Ces paysages, le claveciniste Brice Sailly les reconnaît dans les peintures de Jean-Antoine Watteau (1684-1721) et de Charles Le Brun (1619-1690). Le philosophe Roland Barthes inspire aussi sa vision picturale de la musique de Couperin. Si le musicien n’hésite pas à citer l’écrivain-philosophe dans sa notice, il lui emprunte également le titre d’un de ses ouvrages sur la photographie, La Chambre claire (1980), pour nommer l’ensemble instrumental de son récital. Selon Barthes, la photographie reproduit son objet d’une manière indiscutable et précise. Les tableaux de Le Brun recherchaient déjà cet équilibre des couleurs et de la clarté. Il en est exactement de même avec l’œuvre musicale de Couperin et l’interprétation de Brice Sailly.
À l’écoute de cet enregistrement, l’auditeur est transporté dans une galerie de cinq peintures, constituées de pièces pour clavecin seul, de trios avec voix et de pièces d’ensemble. Brice Sailly et La Chambre claire y soignent chaque opposition de couleurs avec subtilité et clarté, notamment dans les beaux extraits des Suites du recueil des Nations ou le gai Forlane, du quatrième des Concerts royaux. Après contemplation de ces paysages arcadiens avec la première partie de La Couperinète, l’auditeur se retrouve spectateur des jeux innocents et heureux des amours naissantes, particulièrement dans L’Adolescente, extrait des Petits-Âges. Dans L’Amour au berceau, les archets glissent sur les cordes et les doigts caressent les touches du clavecin, invitant à la rêverie et au repos. Les musiciens évitent de prendre un tempo exagérément lent, piège pourtant facilement tendu par ce balancement qui peut vraiment inviter au sommeil. L’oreille se repose mais est toujours attentive, c’est le temps qui s’arrête lors des Ombres errantes.

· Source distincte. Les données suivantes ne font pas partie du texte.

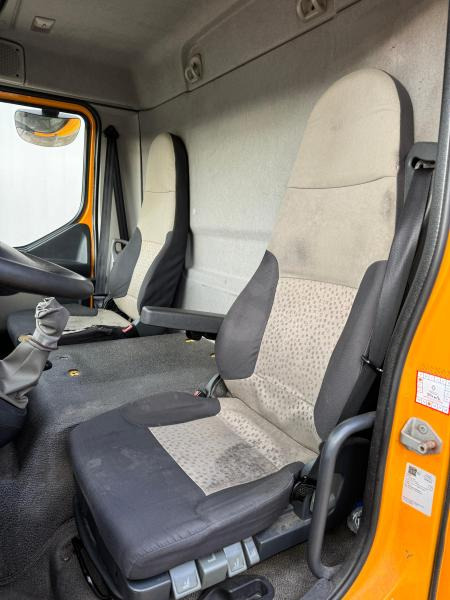 Renault Midlum 220 - 박스 트럭 : 사진 3 Renault Midlum 220 - 박스 트럭 : 사진 3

L’interprétation apaisante provient de la recherche d’une simplicité expressive qui peut faire penser à celle des bergers, allongés À l’ombre d’un ormeau, heureux. Dans certaines pièces, cette expressivité forme une pesanteur, dans la Musète naïve de La Couperinète par exemple. Davantage de démonstration expressive dans les Ombres errantes serait également appréciable, afin de véritablement transporter.

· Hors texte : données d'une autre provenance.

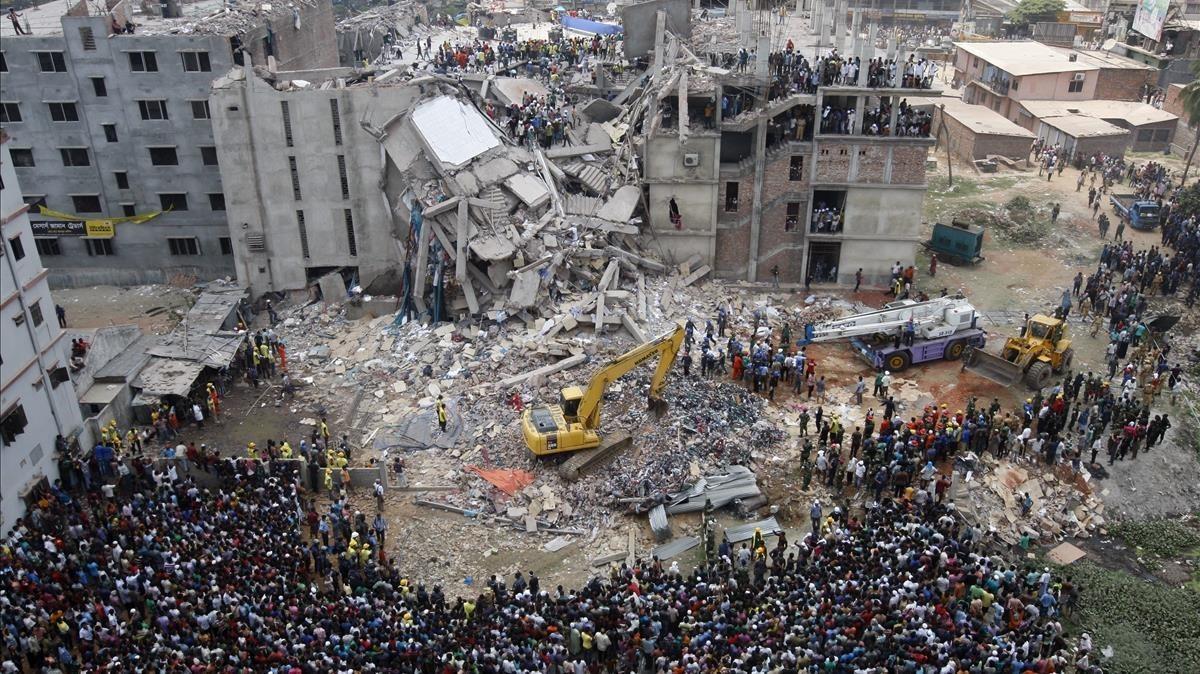 zentauroepp22238675 aaa021 dacca bangladesh 25 04 2013 miembros de los servi170829124031 zentauroepp22238675 aaa021 dacca bangladesh 25 04 2013 miembros de los servi170829124031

Qu’il s’agisse du jeu de Brice Sailly ou de son ensemble La Chambre claire, les qualités en sont superbement les mêmes. Chaque partie est toujours distincte et équilibrée par rapport aux autres. L’utilisation des deux claviers du clavecin – copie d’un instrument de 1732 d’Antoine Vatter par Emilie Jobin – permet notamment une virtuosité des couleurs dans le Tic-Toc-Choc, au lieu d’une fréquente et superflue démonstration d’agilité digitale. Les musiciens prennent aussi le temps de donner sens à chaque motif mélodique, ce qui est particulièrement appréciable dans le jeu de Brice Sailly dans La Reine des cœurs, extrait du Quatrième Livre de pièces de clavecin.
Afin d’atteindre une richesse musicale supplémentaire, Brice Sailly invite la soprano Emmanuelle de Negri pour quatre Airs sérieux et à boire. La chanteuse se fait rayonnante et sûre, de sa voix toujours naturelle et nourrie, pleine. Avec un soin tout particulier du vieux français – ce qui peut empêcher une compréhension aisée et évidente du texte –, elle sait raconter et exprimer avec simplicité. À l’écoute de cette superbe musique, l’auditeur est plongé, comme le Roi-Soleil, dans un temps unique qui lui appartient seul et où il pourra s’échapper loin des bruits de son quotidien.